* Source material

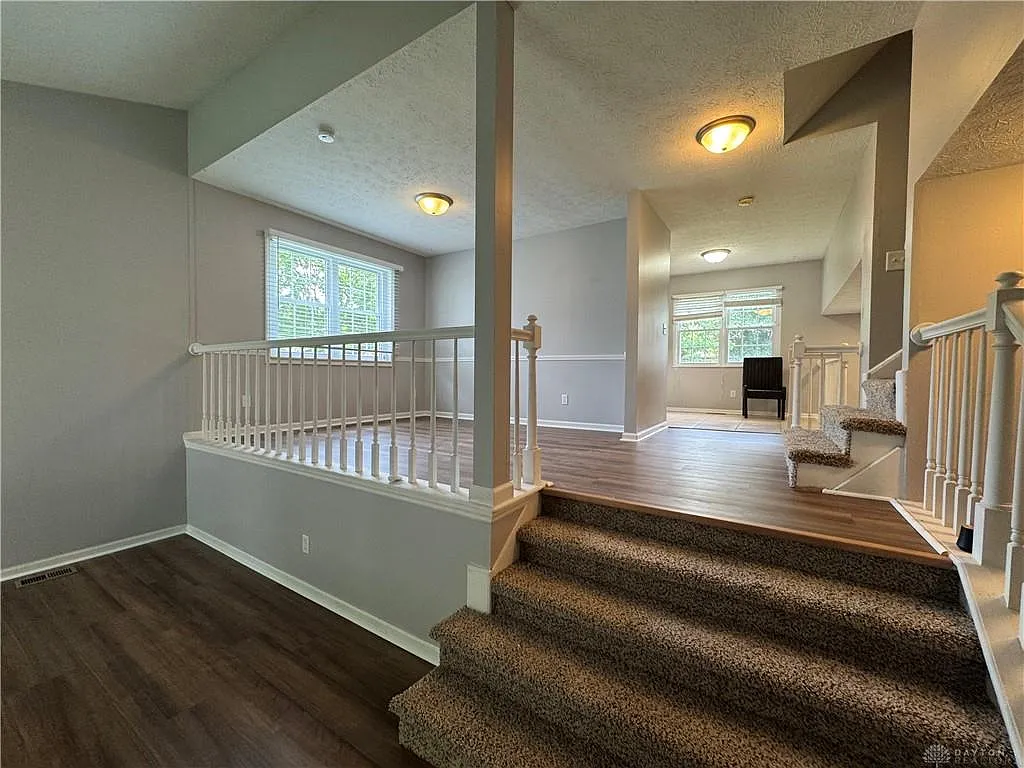 4 bed, 2.5 bath, 1988 sqft, $2,600 — Photo 2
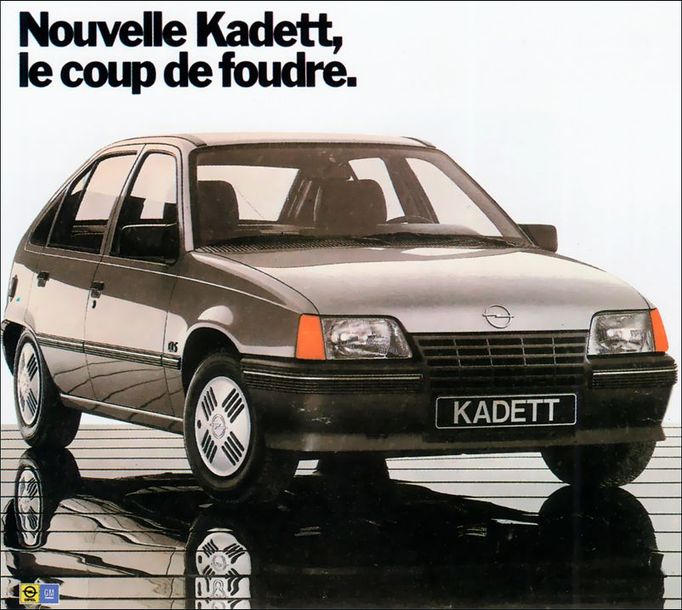 Reklama na Opel Kadett, automobil roku 1995.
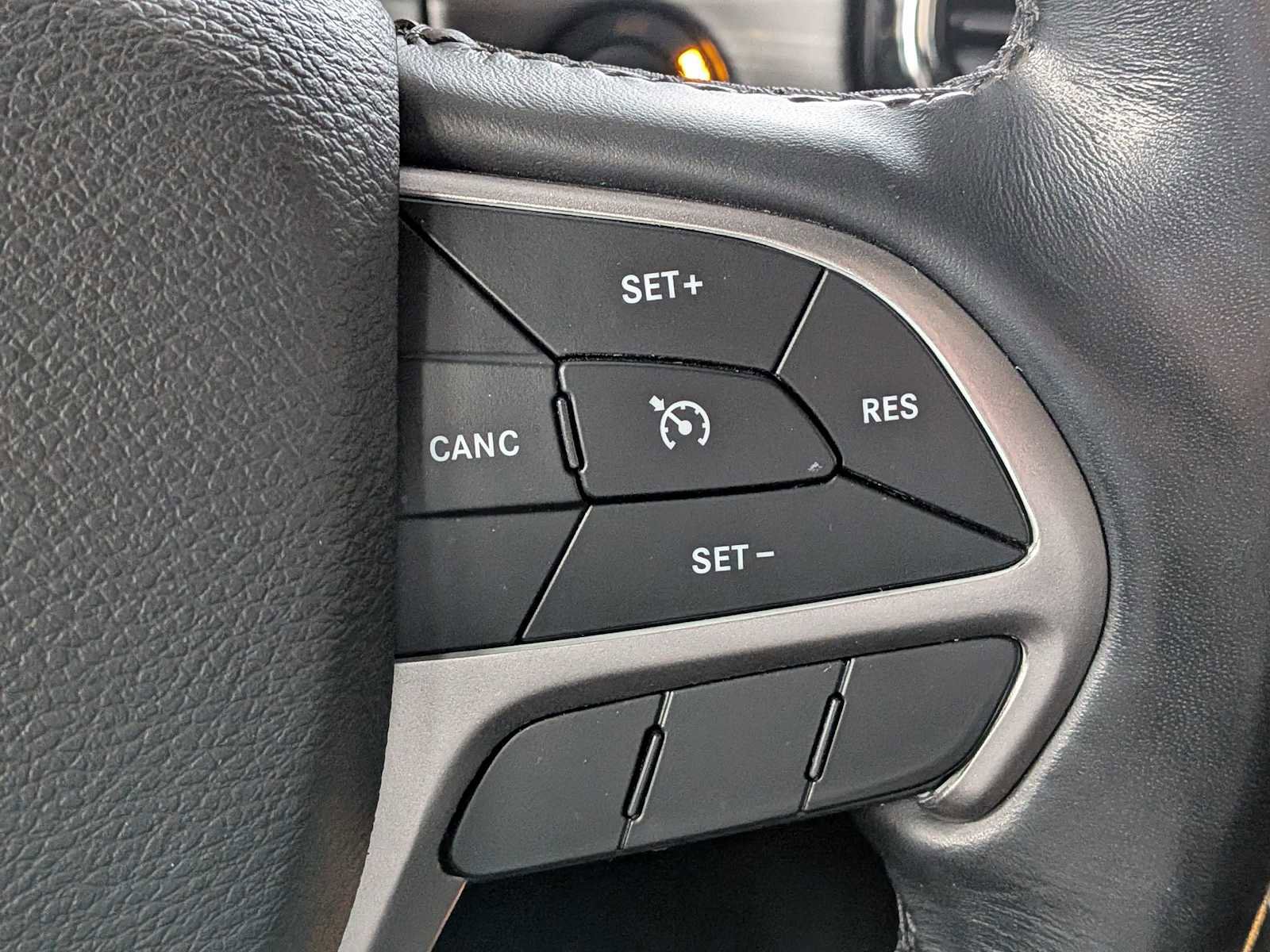 Used 2021 Jeep Grand Cherokee Laredo X image 25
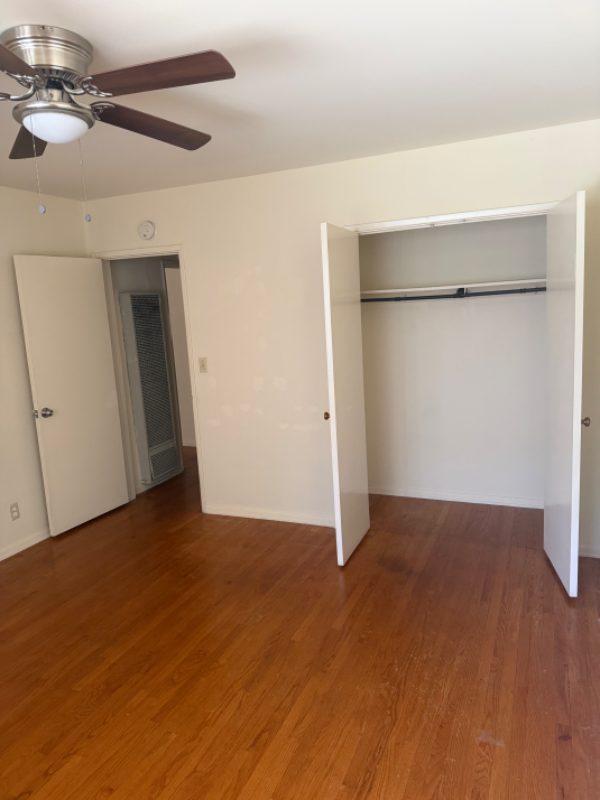 918 W Huntington Dr #C - Photo 4 of 7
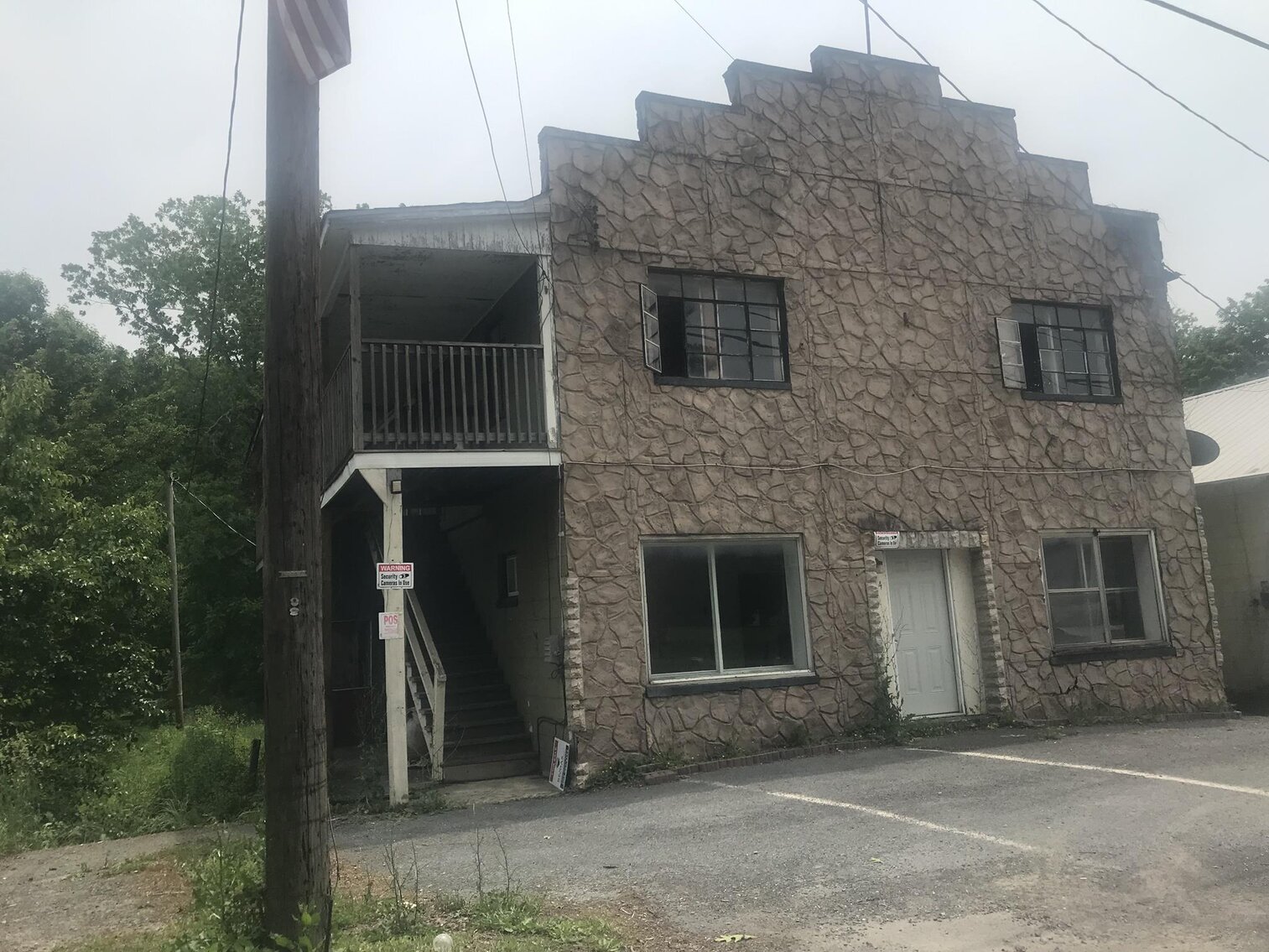 SOLD Apartment Building in Rupert Selling to the Highest Bidder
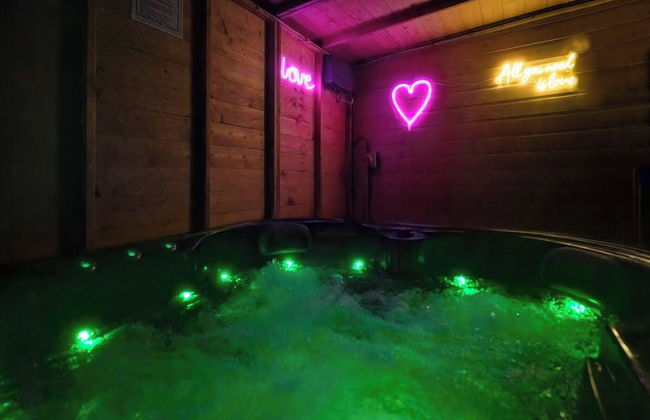 Get Away Home With Hot Tub Sleeps 6 - Foto 17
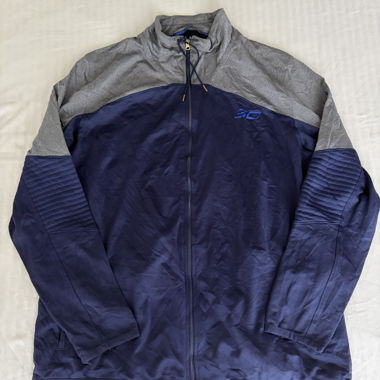 Under-Armour-Jacke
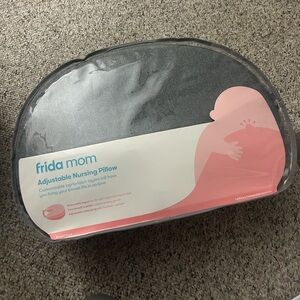 NWT Frida Mom Nursing Pillow - Gray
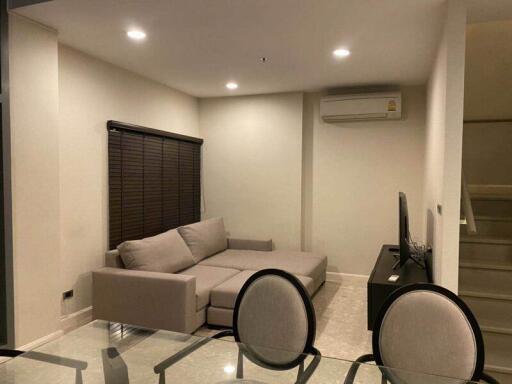 For Rent Bangkok Condo The Crest Sukhumvit 34 BTS Thong Lo Watthana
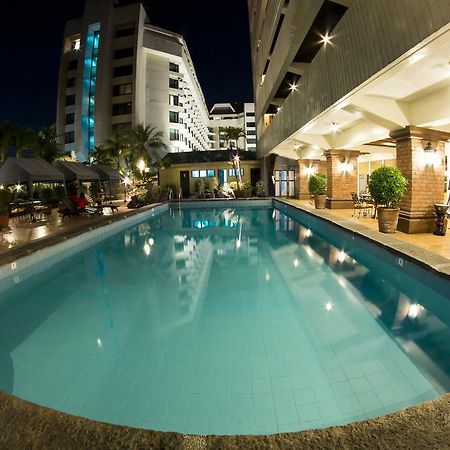 Copacabana Apartment Hotel - Staycation Is Allowed Manila Exterior photo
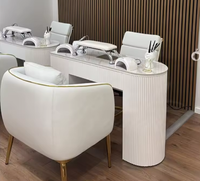 Tables de manucure modernes blanches à double ou simple poste avec plateau en marbre et ensemble de chaises avec dépoussiéreur pour poste de beauté et de manucure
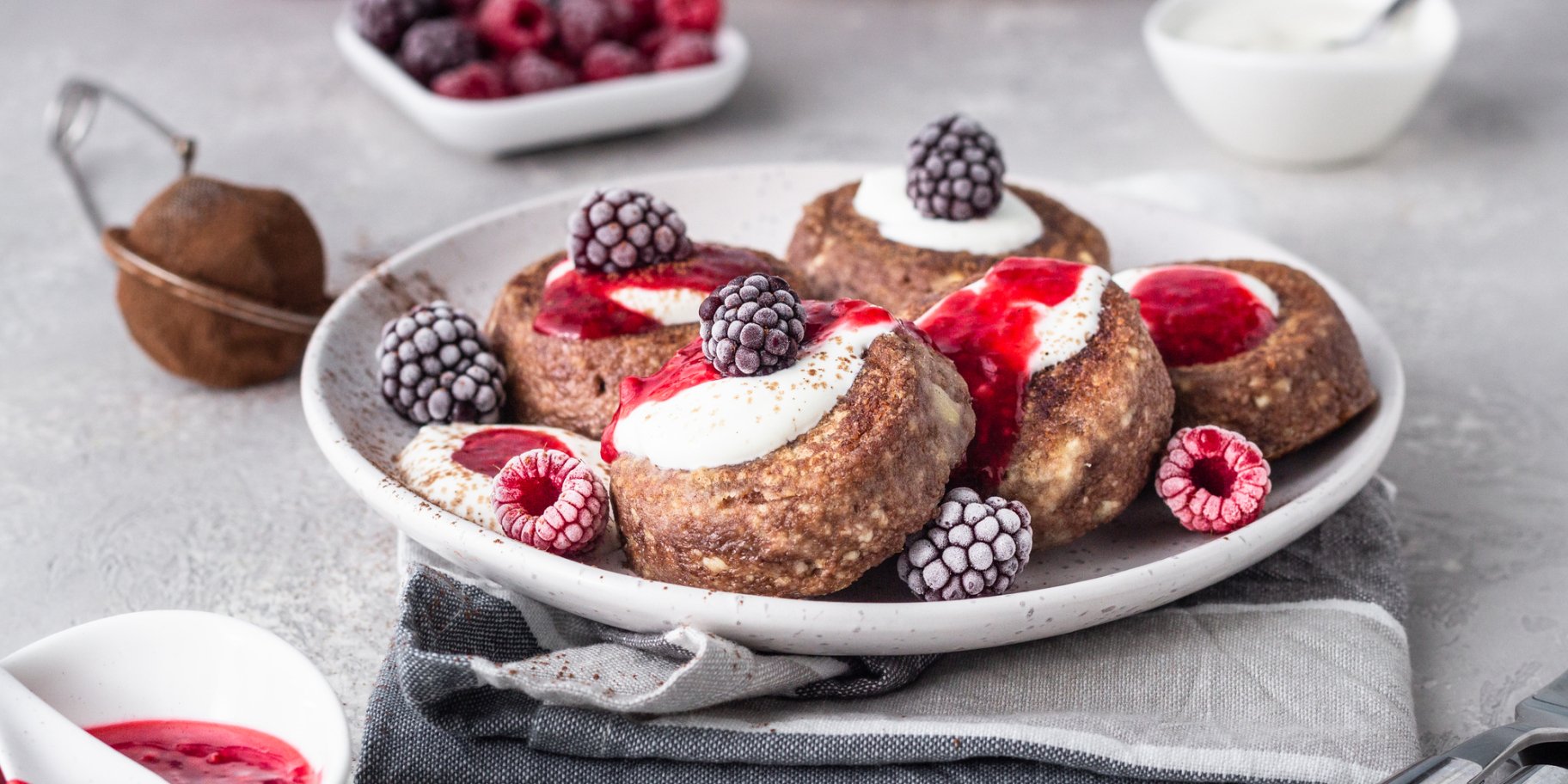 Сирники з какао та ягодами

* Your task
Print exactly, and only, the lines from the one with "SOLD Apartment Building" through the last line of the listing above. No pictures belong in the copy.

* Final answer
 SOLD Apartment Building in Rupert Selling to the Highest Bidder
 Get Away Home With Hot Tub Sleeps 6 - Foto 17
 Under-Armour-Jacke
 NWT Frida Mom Nursing Pillow - Gray
 For Rent Bangkok Condo The Crest Sukhumvit 34 BTS Thong Lo Watthana
 Copacabana Apartment Hotel - Staycation Is Allowed Manila Exterior photo
 Tables de manucure modernes blanches à double ou simple poste avec plateau en marbre et ensemble de chaises avec dépoussiéreur pour poste de beauté et de manucure
 Сирники з какао та ягодами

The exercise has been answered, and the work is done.